DATA EXCERPT Block Start

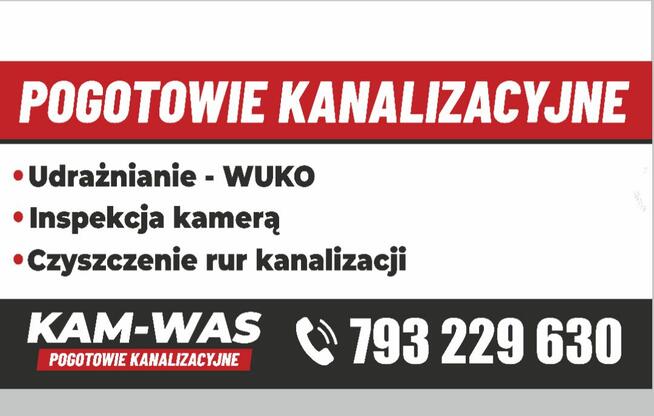 Pogotowie Kanalizacyjne udrażnianie Hydraulik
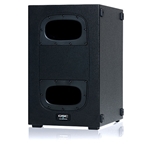 QSC KS112, 2000W active, Compact subwoofer, 12-inch woofer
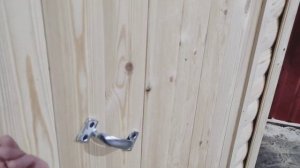 Уличный туалет для дачи от компании vodvore.by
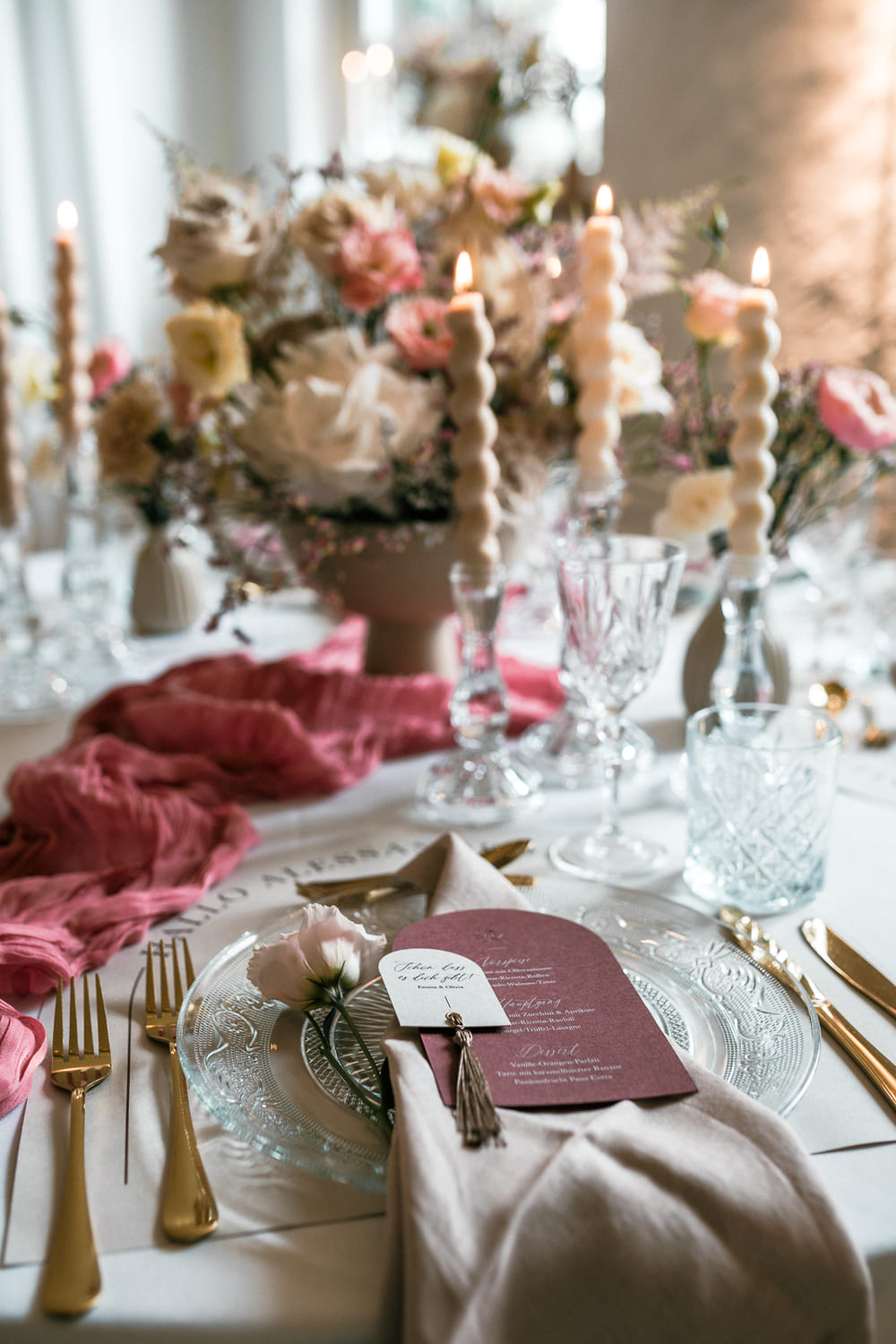 Schloss Dürrenmungenau DustyRose by Jasmin Riedel Photo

DATA EXCERPT Block End

- _AIM OF THE TASK_:
When copying the material, leave every image behind and keep each line verbatim.

- _EXPECTED ANSWER_:
 Pogotowie Kanalizacyjne udrażnianie Hydraulik
 QSC KS112, 2000W active, Compact subwoofer, 12-inch woofer
 Уличный туалет для дачи от компании vodvore.by
 Schloss Dürrenmungenau DustyRose by Jasmin Riedel Photo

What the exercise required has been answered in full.